I ended up reimplementing Automatic Path Sessions in a Page subclass,
because I wanted to locate the session in another part of the URL, avoid
placing session ids in URLs shown to a spider, and implement some
convenience methods for accessing Extra Path Info fields.

The attached code for ExtraPathPage runs on Webware 0.8.1 with
"ExtraPathInfo" set to 1 and "UseAutomaticPathSessions" set to 0.

The ExtraPathPage class includes a link() function which is used to generate
internal URLs, given an absolute target and a list of fields to be passed as
Extra Path Info fields. The session id is appended at the end of the URL if
no cookie was sent.

It may seem cumbersome to call a function to generate URLs, but it's really
no strain at all in our production environment. TabletHotels.com is using a
version of this code in production. Try browsing without cookies.

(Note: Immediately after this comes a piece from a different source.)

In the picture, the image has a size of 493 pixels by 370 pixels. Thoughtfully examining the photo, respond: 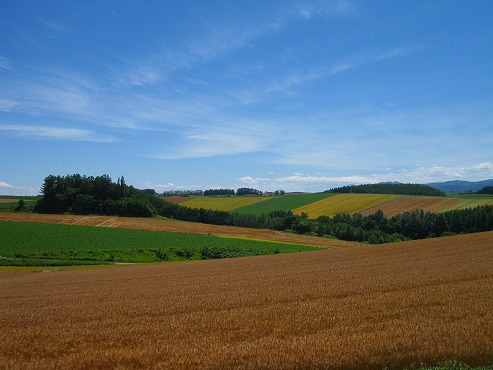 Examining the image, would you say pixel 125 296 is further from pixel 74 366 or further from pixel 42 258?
pixel 42 258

If you (or anyone else) find this useful I can make some time to post it on
the Wiki.

Regards,
Ben


> -----Original Message-----
> From: [EMAIL PROTECTED]
> [mailto:[EMAIL PROTECTED] Behalf Of
> michelts
> Sent: Friday, May 13, 2005 10:34 AM
> To: Webware discussion list
> Subject: [Webware-discuss] Session Bug?
>
>
> Hi guys
>
> I'm using the last svn webware, I having problems with the
> AutomaticPathSession stuff. I use to redirect my pages to the webware
> context like this:
>
>   RewriteCond  %{REQUEST_URI} !^.*_SID_.*$
>   RewriteRule ^(.*)$ /wk/somecontext$1 [L,PT]
>
> This redirect the root to /wk/somecontext a first time, if I set
> UseAutomaticPathSession Webware 0.8.1 try to redirect me to
> /wk/_SID_=.../somecontext, this make the apache try to redirect to
> /wk/_SID_=.../somecontext/wk/somecontext, this is skipped by the
> rewrite condition before the rule.
>
> On webware 0.8.1 this works well, in webware from svn this is not
> working, webware redirect me to /wk/_SID_=.../somecontext and if I
> have cookies enabled it sends me back (redirecting) to
> /wk/somecontext... This way it ends sending me to
> /wk/somecontext/wk/somecontext...
>
> I think the solution is to check if the user has cookies enabled, is
> he has doesn't do nothing but set the session cookie and if he hasn't
> the use automatic path session...
>
> Is this a bug or this is the application design? I this is a bug, I
> will try to fix it and send a patch to you...
>
> thanks for attention.
>
> --
> Michel Thadeu Sabchuk
> Curitiba - Brasil
>
>
> -------------------------------------------------------
> This SF.Net email is sponsored by Oracle Space Sweepstakes
> Want to be the first software developer in space?
> Enter now for the Oracle Space Sweepstakes!
> http://ads.osdn.com/?ad_ids93&alloc_id281&op=ick
> _______________________________________________
> Webware-discuss mailing list
> Webware-discuss@lists.sourceforge.net
> https://lists.sourceforge.net/lists/listinfo/webware-discuss
>
>

from WebKit.Page import Page
from types import ListType, NoneType

ROBOT_IDENTIFIERS = 
['googlebot','ia_archive','infoseek','scooter','slurp','teoma','ultraseek','webcrawler','yahooseeker']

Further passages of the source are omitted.